Early stuff busts decorum, as you noted. But as we go on, don’t the jokes wear thin, morph into a relentless tirade as Portnoy’s “stand up” devolves to a narration of his coming apart leading to his impotence? Isn’t this in his case—case used advisedly— the failure of humour as salve, of what gets us through?
Portnoy is what? Self-obsessed to a neurotic fault, mother-obsessed, sexually lousy with Jewish women, finally impotent in Israel—“tapioca.” So insight, growth, release? I think not. He’s arrested development. What’s his worth? He’s couch-worthy, shrink-worthy.
So my overall sense is that the comedy, the jokes, the verbal fucking around, typically seen the way to get past, get over, bracket, trauma, essentially highlight but can’t resolve what ails him. In the end, the comedy is Portnoy howling.
And what comes after the howling? Paraphrase, “Now vee begin.”

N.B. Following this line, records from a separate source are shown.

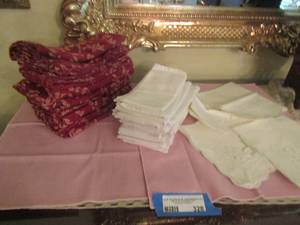 lot 328 image: 11 maroon with leaf dcor cloth napkins, 16 white cloth napkins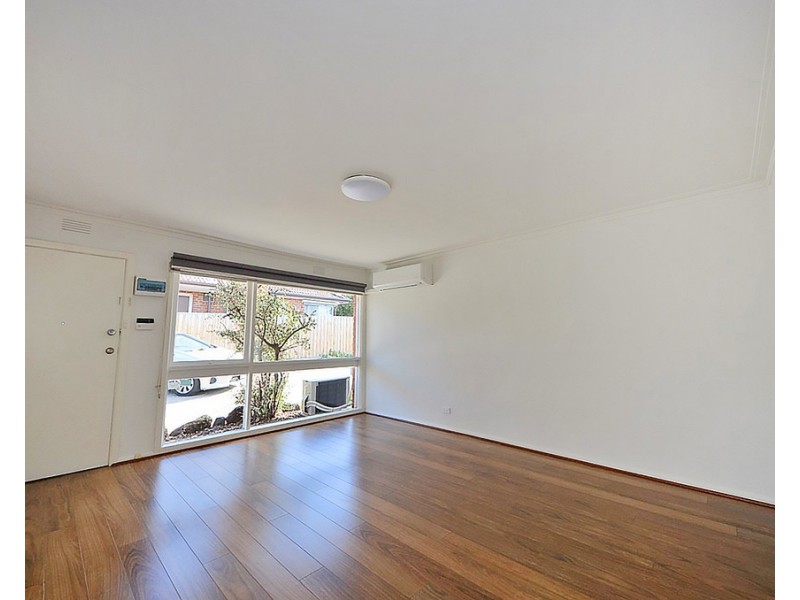 2/4 Iona Street, Clayton VIC 3168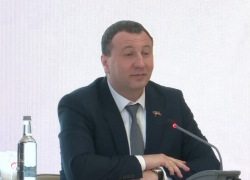 «Я сам много времени провел в лагерях»: депутат из Анапы стал интернет-мемом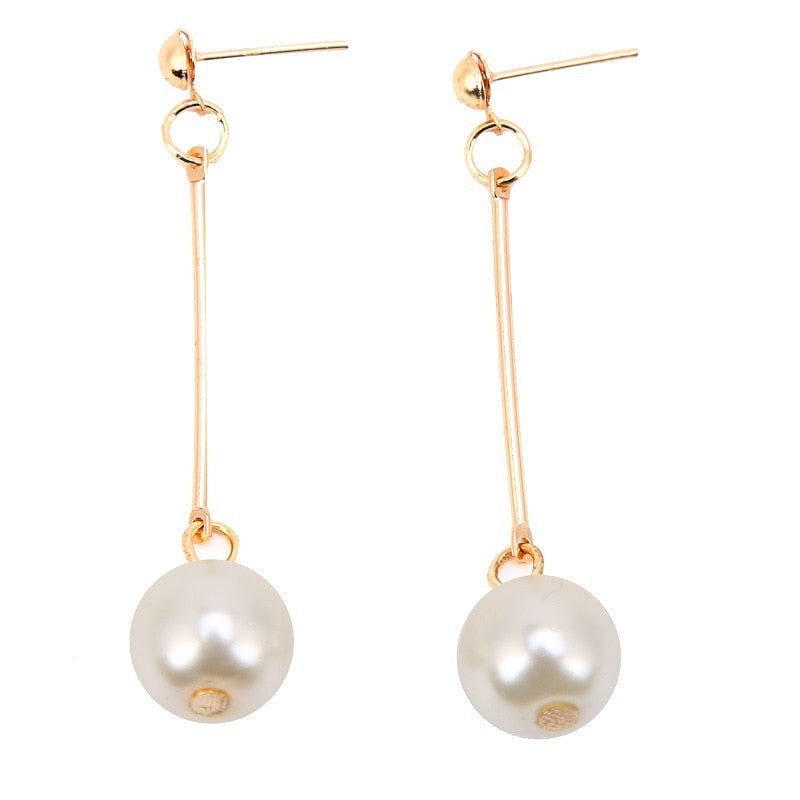 Luxurious Hanging Earrings with Statement Beads
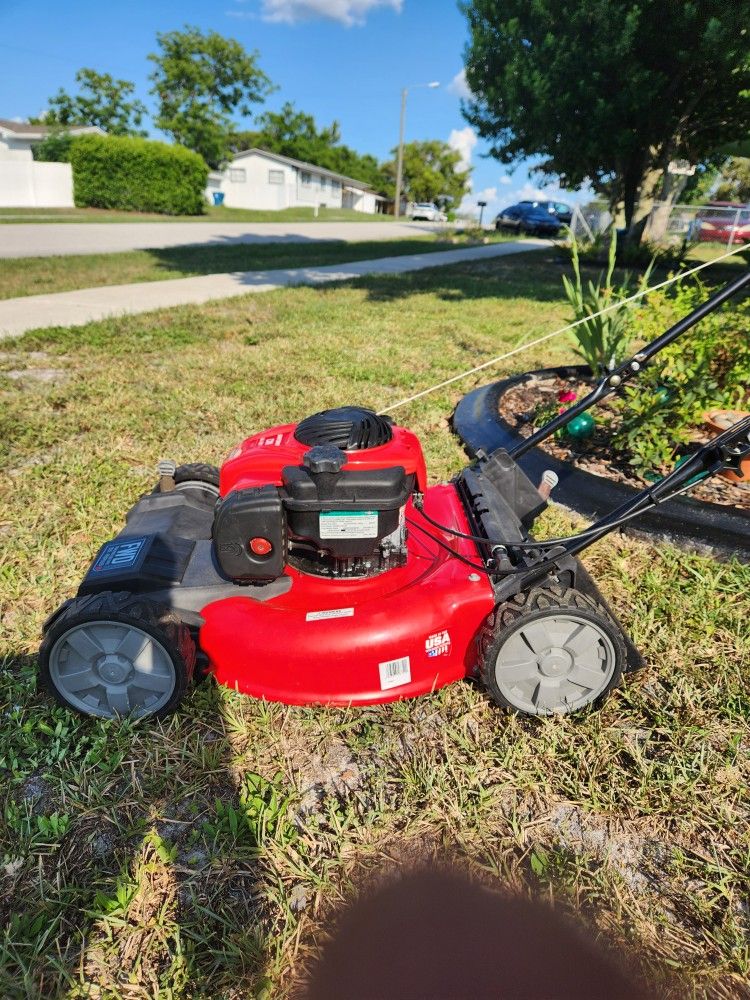Craftsman M210 Lawn Mower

What’s a comic novel, anyway? There are academic definitions galore. But really, maybe cutting through all that, isn’t it one that meant to be light and fun in its effect? Pickwick. Jeeves. We read them joyfully. They delight us. Comedy in a novel in the service of something deeper, darker, more serious, emotionally wrecked, even pathetic, doesn’t make for a comic novel.